* Material provided
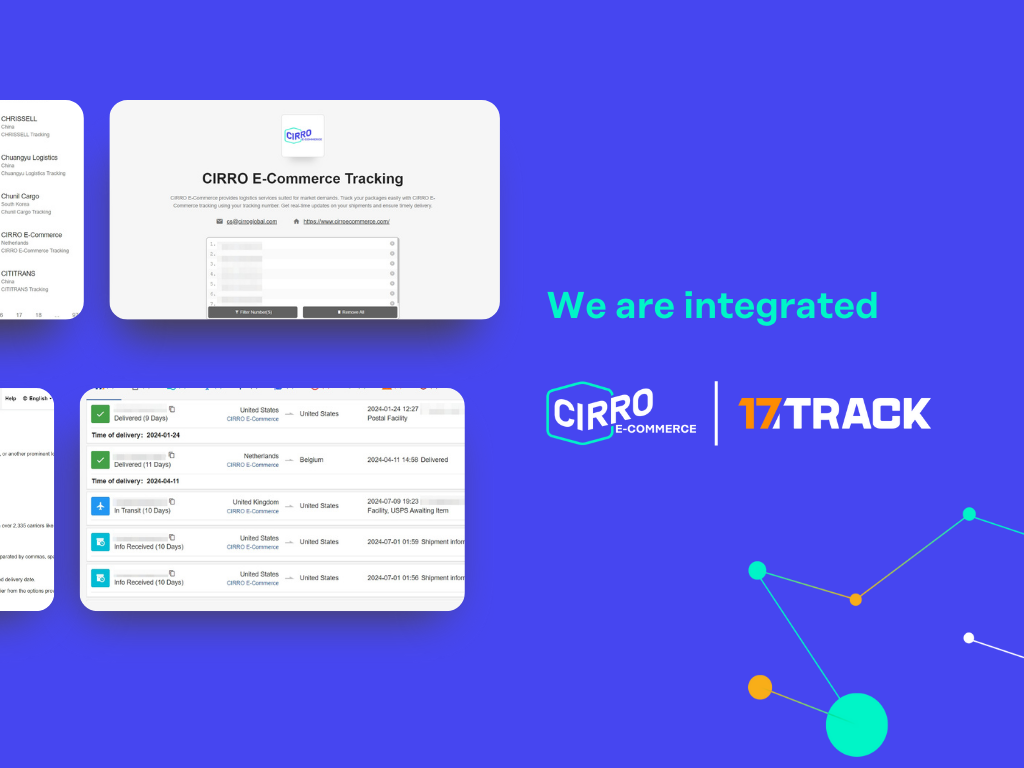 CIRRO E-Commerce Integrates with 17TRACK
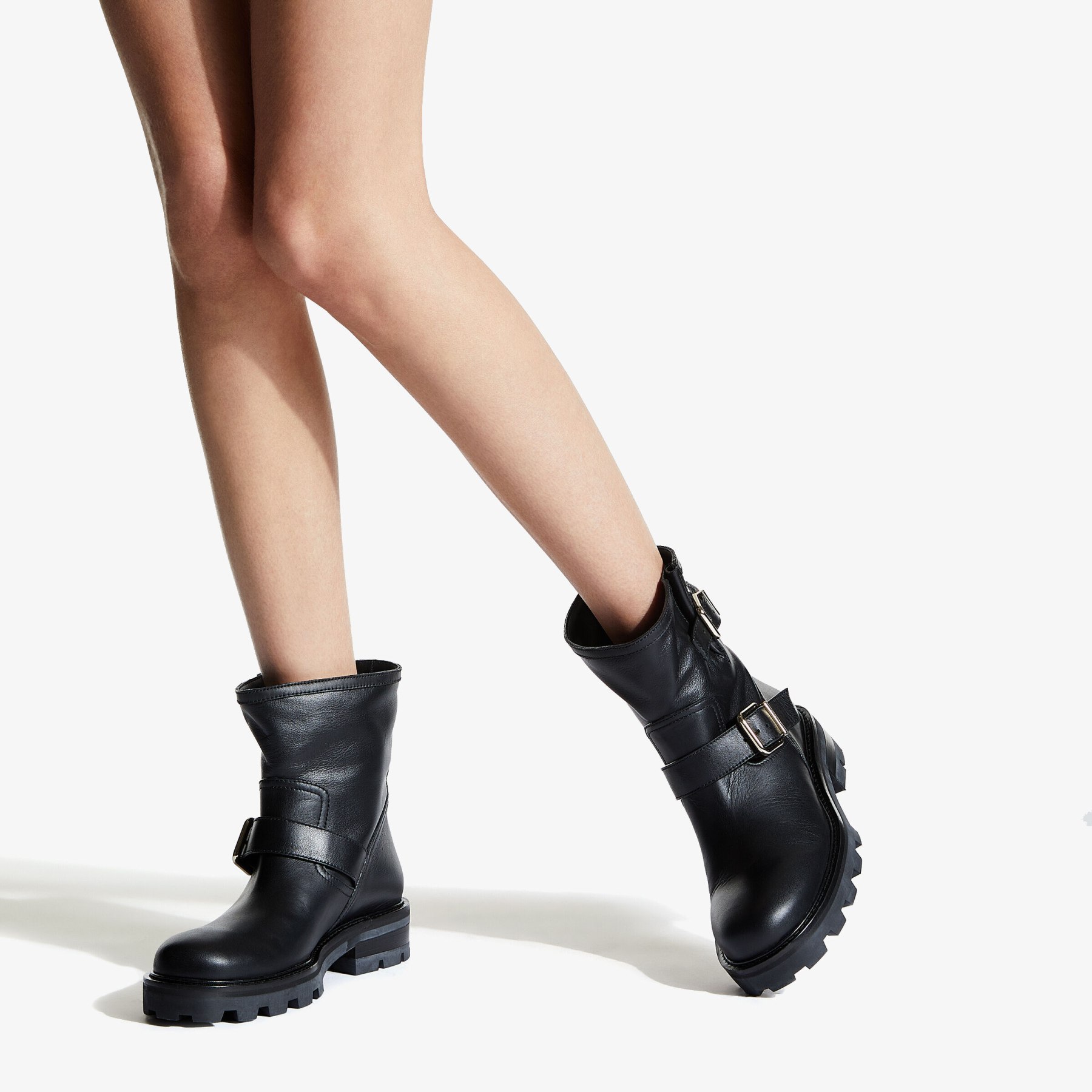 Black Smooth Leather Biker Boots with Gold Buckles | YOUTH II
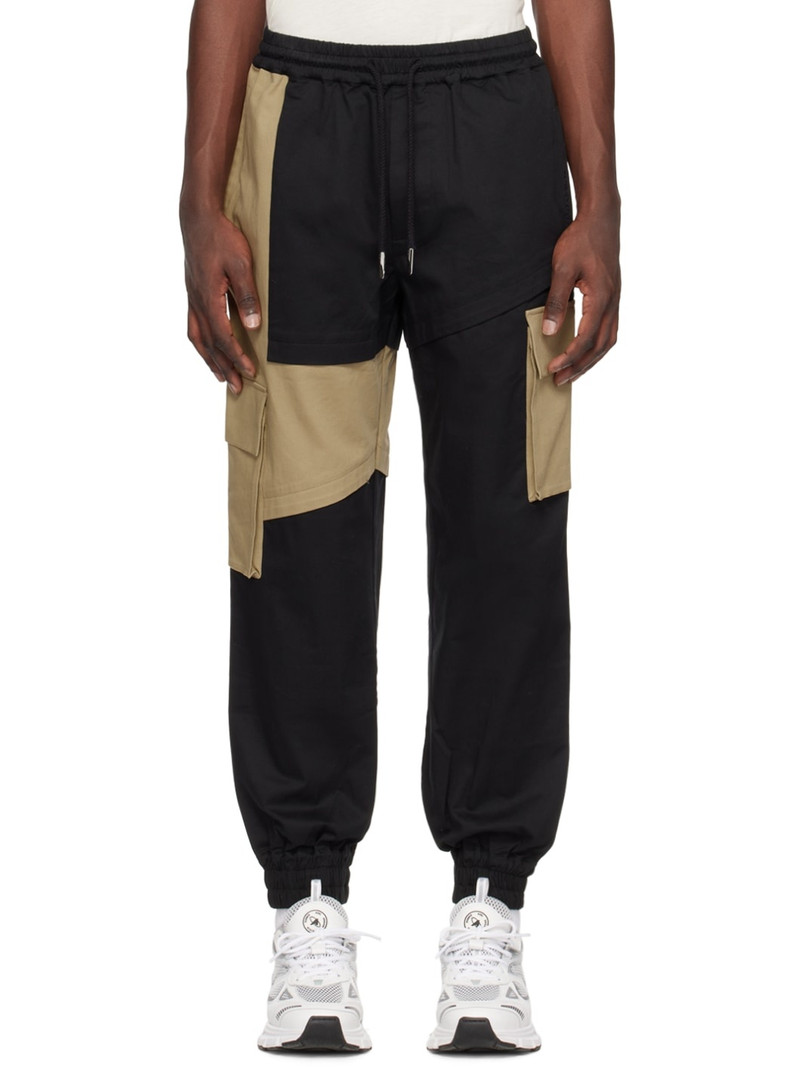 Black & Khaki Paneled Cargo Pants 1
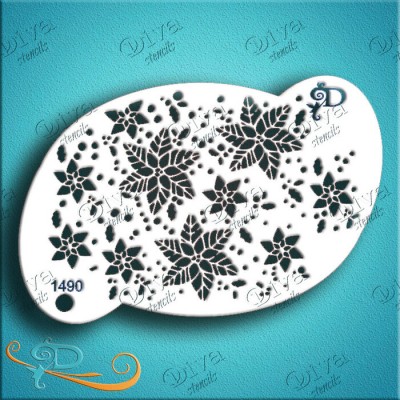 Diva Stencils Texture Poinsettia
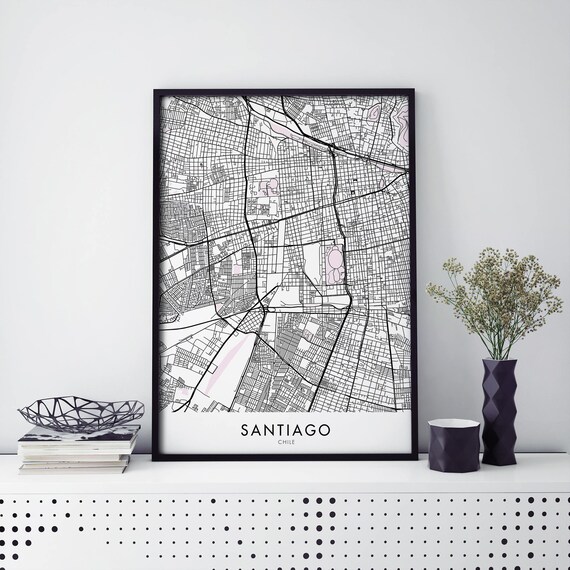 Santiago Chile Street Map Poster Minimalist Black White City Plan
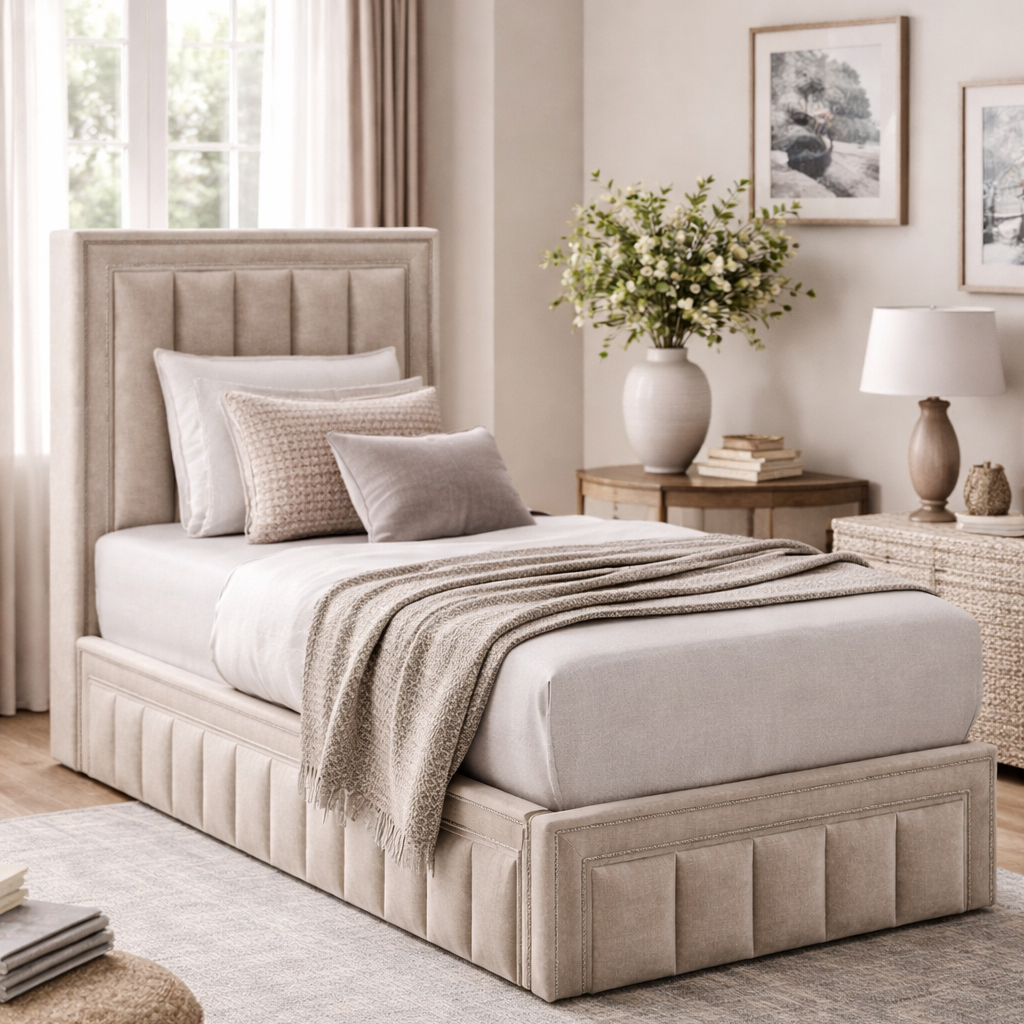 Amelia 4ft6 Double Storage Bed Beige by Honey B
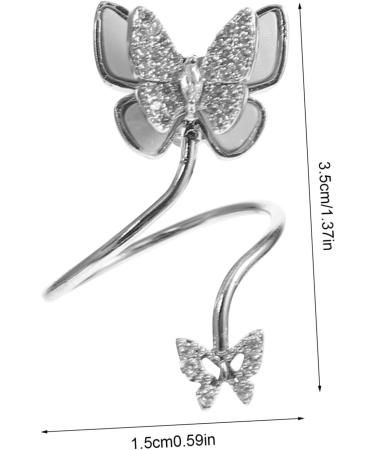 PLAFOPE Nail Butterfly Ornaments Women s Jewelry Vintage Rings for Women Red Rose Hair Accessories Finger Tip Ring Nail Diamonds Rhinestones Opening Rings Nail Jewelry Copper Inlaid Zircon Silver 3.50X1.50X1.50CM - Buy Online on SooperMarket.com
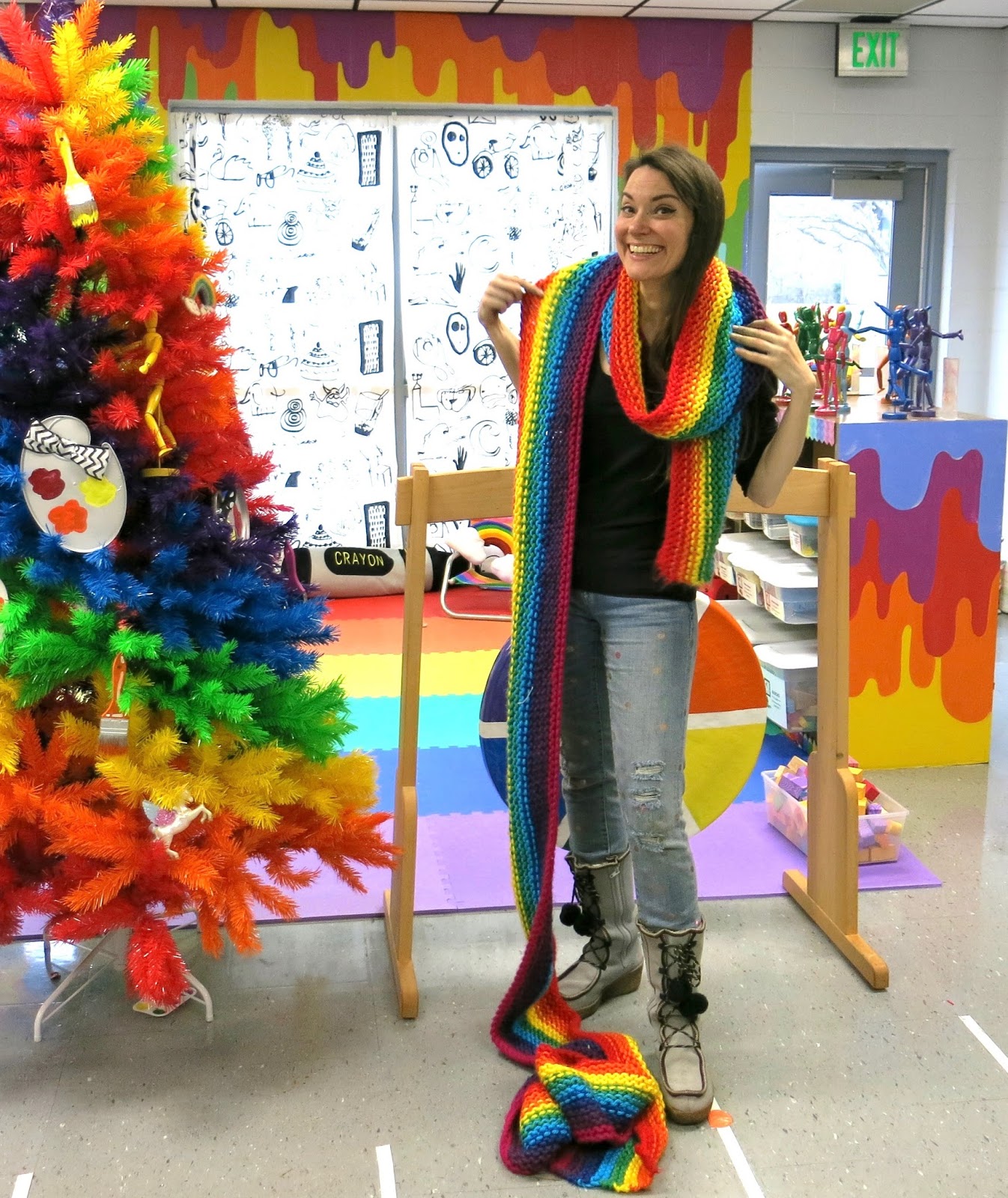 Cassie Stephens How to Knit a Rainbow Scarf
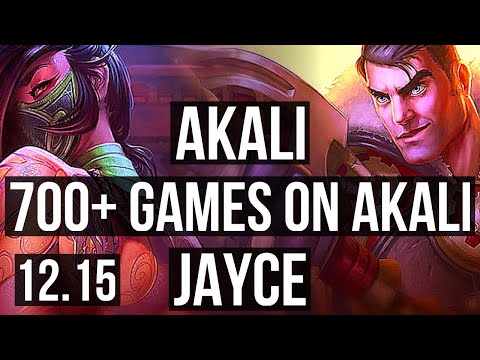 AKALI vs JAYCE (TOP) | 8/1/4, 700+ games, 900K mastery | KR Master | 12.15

* What is being asked
What is needed is a verbatim copy of the material, minus its pictures.

* Completed exercise
 CIRRO E-Commerce Integrates with 17TRACK
 Black Smooth Leather Biker Boots with Gold Buckles | YOUTH II
 Black & Khaki Paneled Cargo Pants 1
 Diva Stencils Texture Poinsettia
 Santiago Chile Street Map Poster Minimalist Black White City Plan
 Amelia 4ft6 Double Storage Bed Beige by Honey B
 PLAFOPE Nail Butterfly Ornaments Women s Jewelry Vintage Rings for Women Red Rose Hair Accessories Finger Tip Ring Nail Diamonds Rhinestones Opening Rings Nail Jewelry Copper Inlaid Zircon Silver 3.50X1.50X1.50CM - Buy Online on SooperMarket.com
 Cassie Stephens How to Knit a Rainbow Scarf
 AKALI vs JAYCE (TOP) | 8/1/4, 700+ games, 900K mastery | KR Master | 12.15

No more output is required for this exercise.